I don’t really have any explanation for it. Suddenly I was just a guy, though, blinking in the brightness of a tiny, tiny church on an island. The bright sun was outside and the church should have been dim, but it didn’t seem like that. I was sitting on a harsh hewn bench, blinking in the brightness, with no memories at all except that the inside of my mouth felt funny, clothes felt funny, my hands and feet felt funny, and I was hungry.
I looked up in the corner of the high ceiling and there was my old self. Eyes closed. Inert and resting, if not asleep. Below the no-longer-me gecko was what must have been the worst religious painting in the world, painted in faded tempera directly onto the plaster wall. Thematically, it looked like the Devil was having yet another very rough day. In the child-rendered lines of his face, he looked more resigned than anguished. Saint Michael’s spear was a fork giving a complicated nipple piercing. His tongue was hanging out in concentration. The Devil was like, whatever, in desperate need of coffee.
I remember not understanding the painting underneath my feet. It was just a texture of muddy colors that insects — and occasionally other geckos — would hide in. I remember the dry tackiness of my hands and feet, curling them and wiping the dust off against my ribs, licking the dust off. I missed my tail.
I was alone in the chapel. I put my hands into the front pockets of the khaki shorts I was wearing. One pocket had thirty-seven dollars and fourteen cents. US currency. Another pocket had six small stones of different textures and colors. I recognized coral. At least two different forms of lava. A large lump of olivine. All of the stones had rough holes in them, natural-looking, but hand-smoothed by years of fidgeting.
I didn’t want to go outside because it was so bright, but I could no longer eat bugs. I left the chapel, stalked quickly down the hill to a shaded thicket. I found papayas on the ground, fallen from their tree. I opened them with a sharp rock. I ate two of them, drying the juices off my hands with dust and then rubbing the dust off. I left the pits in the thicket.
When the sun moved away from the top of the sky, I followed a narrow, crumbling, asphalt-topped road toward a small group of houses. I knocked on a door and told them I just woke up in the chapel, and that I didn’t know where I came from or where I was supposed to be. The woman there let me sit in a chair on her porch and gave me some water. She went back inside to make telephone calls, and later came back out with a plate of rice and beans with some sausage in it, and a couple of tiny bananas that were orange inside, and she gave me a blanket and said I could sleep on the bench-swing until the morning. She left me a small pitcher of water.
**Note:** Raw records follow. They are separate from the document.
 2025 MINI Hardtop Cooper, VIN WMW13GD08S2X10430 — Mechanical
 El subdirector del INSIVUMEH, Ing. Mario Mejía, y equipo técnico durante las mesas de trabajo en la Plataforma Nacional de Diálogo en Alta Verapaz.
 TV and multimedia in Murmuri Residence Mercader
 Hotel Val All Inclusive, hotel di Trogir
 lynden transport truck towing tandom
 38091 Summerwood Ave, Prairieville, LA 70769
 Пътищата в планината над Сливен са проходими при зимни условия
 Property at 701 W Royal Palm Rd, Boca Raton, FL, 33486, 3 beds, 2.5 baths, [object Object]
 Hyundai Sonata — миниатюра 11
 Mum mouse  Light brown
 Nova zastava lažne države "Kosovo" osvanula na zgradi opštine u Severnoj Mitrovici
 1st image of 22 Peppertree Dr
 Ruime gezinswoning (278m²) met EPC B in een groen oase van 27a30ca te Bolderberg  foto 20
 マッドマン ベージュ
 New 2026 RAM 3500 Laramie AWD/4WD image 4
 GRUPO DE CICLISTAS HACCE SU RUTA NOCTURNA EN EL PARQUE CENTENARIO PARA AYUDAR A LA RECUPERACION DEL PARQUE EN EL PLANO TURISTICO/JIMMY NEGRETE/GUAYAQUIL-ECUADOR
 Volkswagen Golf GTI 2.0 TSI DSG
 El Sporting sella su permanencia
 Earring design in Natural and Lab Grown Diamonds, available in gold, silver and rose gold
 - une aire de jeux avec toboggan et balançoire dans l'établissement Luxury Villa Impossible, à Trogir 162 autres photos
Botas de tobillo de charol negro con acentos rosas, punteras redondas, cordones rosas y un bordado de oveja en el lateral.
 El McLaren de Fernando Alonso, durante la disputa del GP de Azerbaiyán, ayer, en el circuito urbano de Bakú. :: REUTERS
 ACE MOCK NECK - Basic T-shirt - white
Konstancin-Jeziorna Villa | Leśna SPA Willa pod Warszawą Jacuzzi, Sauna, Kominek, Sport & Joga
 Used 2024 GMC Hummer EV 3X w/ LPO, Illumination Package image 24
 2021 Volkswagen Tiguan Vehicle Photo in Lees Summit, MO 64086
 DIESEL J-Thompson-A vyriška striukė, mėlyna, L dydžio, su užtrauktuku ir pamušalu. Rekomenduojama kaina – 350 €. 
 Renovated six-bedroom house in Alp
She said someone would come by in the morning to take me to town, to see a doctor.
Eating didn’t put much strength back into my muscles. I went to sleep, wondering if I would be a gecko again when I woke up. Instead, I was still me. A policeman woke me up, let me go off behind the house to pee, and then took me into a small town, where an old man I could barely understand looked me over and explained to me that I had survived a very bad fever that had damaged my brain, probably. He looked my shorts over for signs of diarrhea, shrugged, and said that was the best he could think of. He stuck me with needles and took blood. He gave me a bottle of something salty to drink, a handful of vitamins that he put into a small bottle and gave me back to the policeman.
I sat in the policeman’s office for hours while he made calls on his telephone. Eventually he told me that someone had offered me a place to stay, with food, in exchange for picking coffee cherries, and that he would give me money as well. He asked me if that was okay, and I just nodded.
Since then I have been Gecko, living a life as simple as a gecko, picking coffee cherries, eating, sleeping, and sculpting beads from stones I find. Beyond that I have nothing, and I think I am happy.